The truth is that you already have the potential to break away from your bad habits. In fact, it’s quite unlikely that you’ve been engaging in these unhealthy activities your whole life. You do not have to stop smoking; simply cease smoking, or shift towards something different, like hyde disposable vape. You don’t have to become a healthy person; you simply have to return to being healthy. Even if it’s been years, you’ve already lived without this heinous habit, implying that you can do it again.
To counteract negative self-talk, use the word “but.” When you’re battling poor behaviors, it’s tempting to condemn yourself for not doing better. It’s easy to remind yourself how bad you are every time you make a mistake or mess up. So, instead of beating yourself up over a mistake, prepare for it. We all stray off track; what distinguishes great achievers from the rest is that they get back on track fast.
What is the next step?
If you want to start breaking negative behaviors, I recommend starting with awareness. It’s easy to become preoccupied with how you feel about your unhealthy behaviors. You may either make yourself feel guilty or spend your time fantasizing about how things should be… However, these ideas distract you from what is truly happening.
Simply keeping track of these difficulties will make you more aware of the problem and provide you with dozens of solutions to stop it.
Here’s an easy method to get started: simply keep count of how many times each day your undesirable behavior occurs. Make a note of it on your notepad every time your negative habit occurs.

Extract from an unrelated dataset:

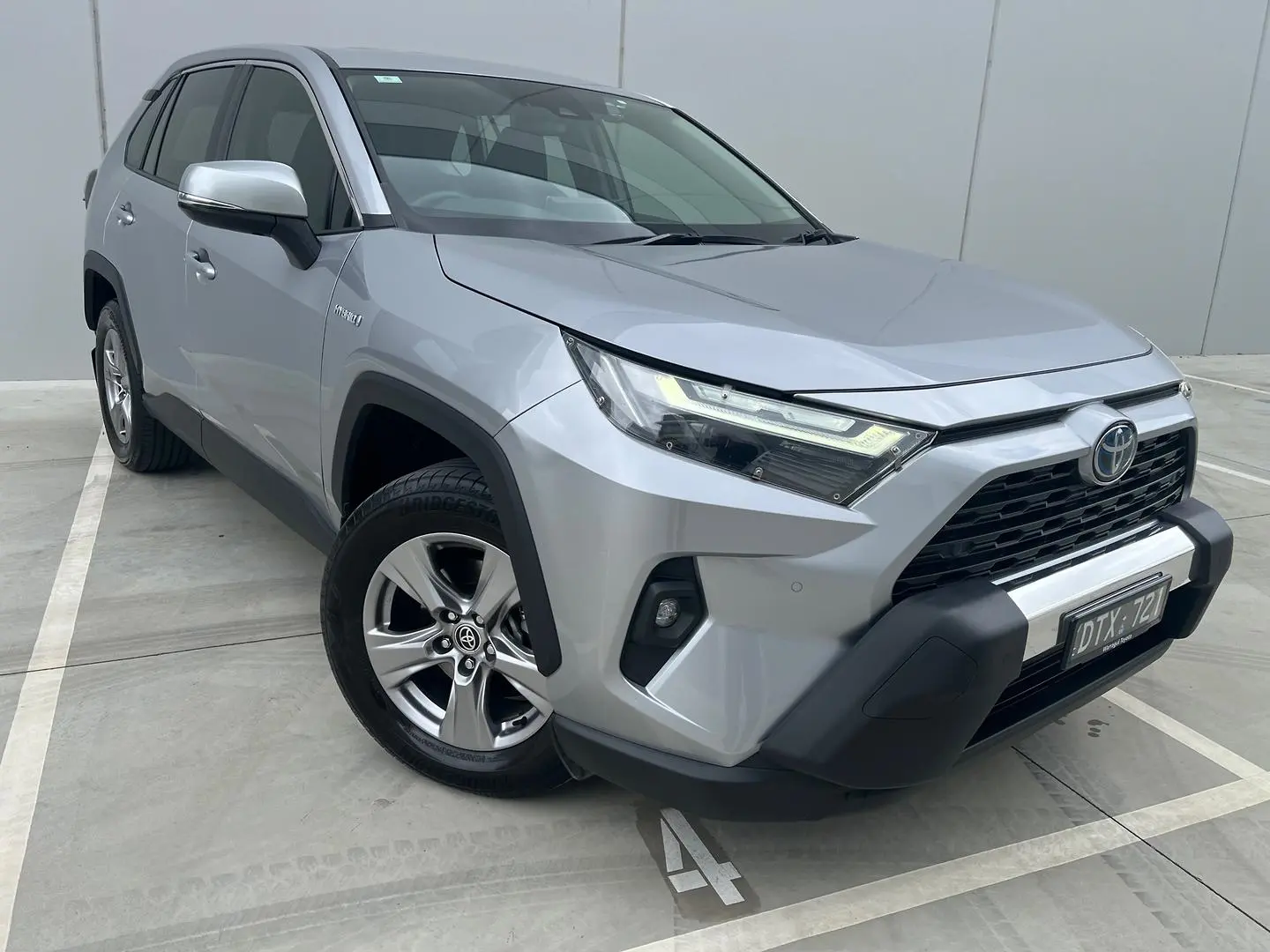 2023 Toyota RAV4 Gallery Image 1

At the end of the day, add up all of the tally marks to get your total.
The idea at first is not to condemn yourself or feel bad about doing something unhealthy or ineffective. The sole purpose is to be aware of when and how frequently it occurs. Being aware of the situation will help you get your brain around it. Then you may begin to put the concepts in this article into action and break your negative behavior.
Breaking harmful behaviors requires time and effort, but most importantly, persistence. Most people who succeed in overcoming harmful habits attempt and fail several times before they succeed. You may not achieve success right immediately, but it does not imply you will never achieve it.